Rüstungsexporte in die Türkei waren für die Bundesregierung lange ein heikles Thema. Doch als der deutsche Regierungschef Olaf Scholz letzten Monat in Istanbul gemeinsam mit Präsident Recep Tayyip Erdoğan vor die Presse trat, klang er so, als habe es solche Bedenken nie gegeben. „Die Türkei ist Mitglied der NATO“, sagte er. Da sei es „selbstverständlich“, dass Deutschland an das Land immer mal wieder Waffen liefere. „Solche Entscheidungen haben wir auch in jüngster Zeit getroffen, und es wird da auch weitere geben.“
Seit Jahren spricht die Türkei das Thema bei jedem Besuch eines deutschen Politikers hinter verschlossenen Türen an. Es gab nie ein offizielles Embargo. Stattdessen wurden Anträge für Ausfuhrgenehmigungen türkischen Angaben zufolge seit etwa fünf Jahren verschleppt. Das hatte mit türkischen Drohgebärden gegen Griechenland und mit türkischen Militäroffensiven in Syrien und im Irak zu tun. In Ankara sah man die deutsche Regierungspartei der Grünen als größten Hemmschuh in dieser Frage. Nun scheint es in Berlin eine Neubewertung zu geben. Scholz nannte es einen „guten Schritt“, dass man die Rüstungskooperation „wiederbelebt“ habe. Erdoğan zeigte sich zufrieden, dass man „Probleme“ bei der Beschaffung von Rüstungsgütern jetzt hinter sich gelassen habe.

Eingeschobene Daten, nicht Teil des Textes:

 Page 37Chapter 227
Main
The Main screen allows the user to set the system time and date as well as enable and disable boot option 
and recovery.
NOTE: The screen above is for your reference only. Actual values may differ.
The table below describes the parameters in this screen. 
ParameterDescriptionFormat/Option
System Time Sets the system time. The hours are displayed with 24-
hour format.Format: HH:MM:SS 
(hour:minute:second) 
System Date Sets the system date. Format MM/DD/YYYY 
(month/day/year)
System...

Zwei Wochen vor dem Besuch des Kanzlers hatten deutsche Medien berichtet, dass der geheim tagende Bundessicherheitsrat Lieferungen im Wert von mehr als 250 Millionen Euro genehmigt habe, darunter Flugabwehrraketen und Torpedos für die türkische Marine und Güter für die Modernisierung von U-Booten und Fregatten. Bewegung gibt es auch bei Kampfflugzeugen des Typs Eurofighter Typhoon, die Deutschland in einem Konsortium mit Großbritannien, Spanien und Italien herstellt. Bislang hatte die Bundesregierung nach türkischen Angaben entsprechende Verhandlungen blockiert. Nun sagte Scholz, die britische Regierung treibe dieses Projekt voran. Es stehe aber erst am Anfang. Die Zeitung „Yeni Şafak“ berichtete zudem, ein Team des Konsortiums sei bereits für technische Gespräche in der Türkei eingetroffen.

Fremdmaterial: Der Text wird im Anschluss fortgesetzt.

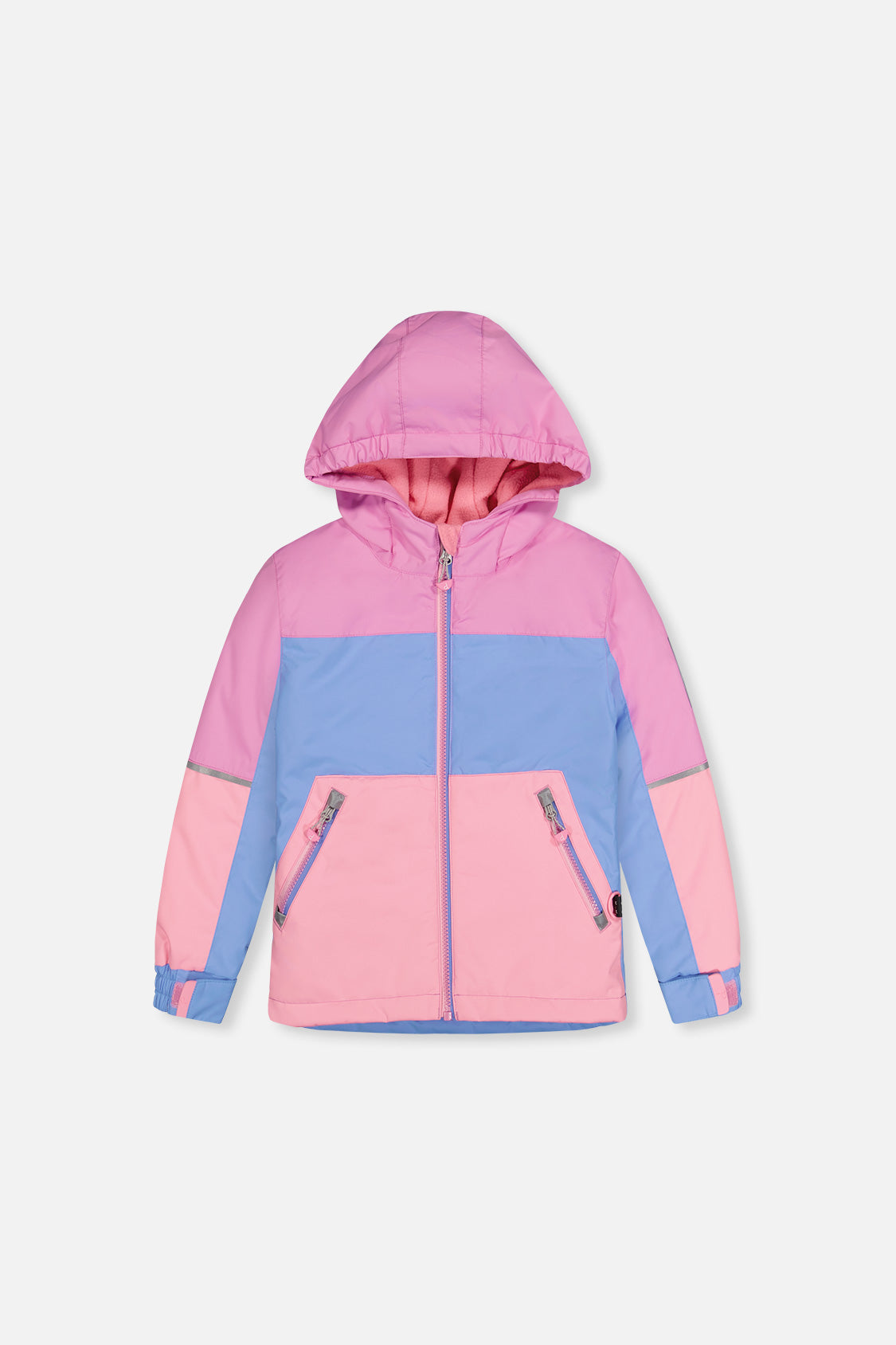 Leichter zweiteiliger Chill-Schneeanzug in Rosa, Blau und Mauve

Mit ihrer neuen Offenheit für Rüstungslieferungen an Ankara hat die Bundesregierung offenbar Griechenland aufgeschreckt, das fürchtet, im Rüstungswettlauf mit dem Erzfeind Türkei ins Hintertreffen zu geraten. Vielleicht auch deshalb lobte Scholz, dass sich die Beziehungen zwischen Athen und Ankara zuletzt merklich entspannt haben. Das liege ihm „am Herzen“.

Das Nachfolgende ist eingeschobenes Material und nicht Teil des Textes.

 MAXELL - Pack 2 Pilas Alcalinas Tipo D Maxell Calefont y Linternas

Vor seiner Abreise war in Berlin von einem „Neustart“ im Verhältnis zur Türkei die Rede gewesen. Jahrelang war es von scharfer Kritik an Erdoğans autokratischem Gebaren geprägt.
Bei ihrem Abschiedsbesuch vor drei Jahren sagte die damalige Bundeskanzlerin Angela Merkel, „wir haben hier noch eine Menge Schwierigkeiten zu überwinden“. Von alldem sprach Scholz nicht. Der Grund: Der russische Angriffskrieg in der Ukraine hat Berlins Blick auf den NATO-Verbündeten Türkei verändert. Es geht um die Sicherung der Südflanke des Militärbündnisses und darum, angesichts der erlahmenden Unterstützung für Kiew Kräfte zu bündeln. Das gilt erst recht für den Fall einer möglichen weiteren Präsidentschaft Donald Trumps in den USA. Deutschland und die Türkei stünden „eng an der Seite der Ukraine“, sagte Scholz. Ein bemerkenswerter Satz, wo doch Erdoğans enger Draht zum russischen Präsidenten bisweilen als Problem betrachtet wird. Seine Gesprächskanäle in den Kreml könnten sich aber noch als nützlich erweisen. Deutschland sei darum bemüht, „auszuloten, wie es gelingen kann, dass dieser Krieg nicht immer weitergeht“, sagte Scholz.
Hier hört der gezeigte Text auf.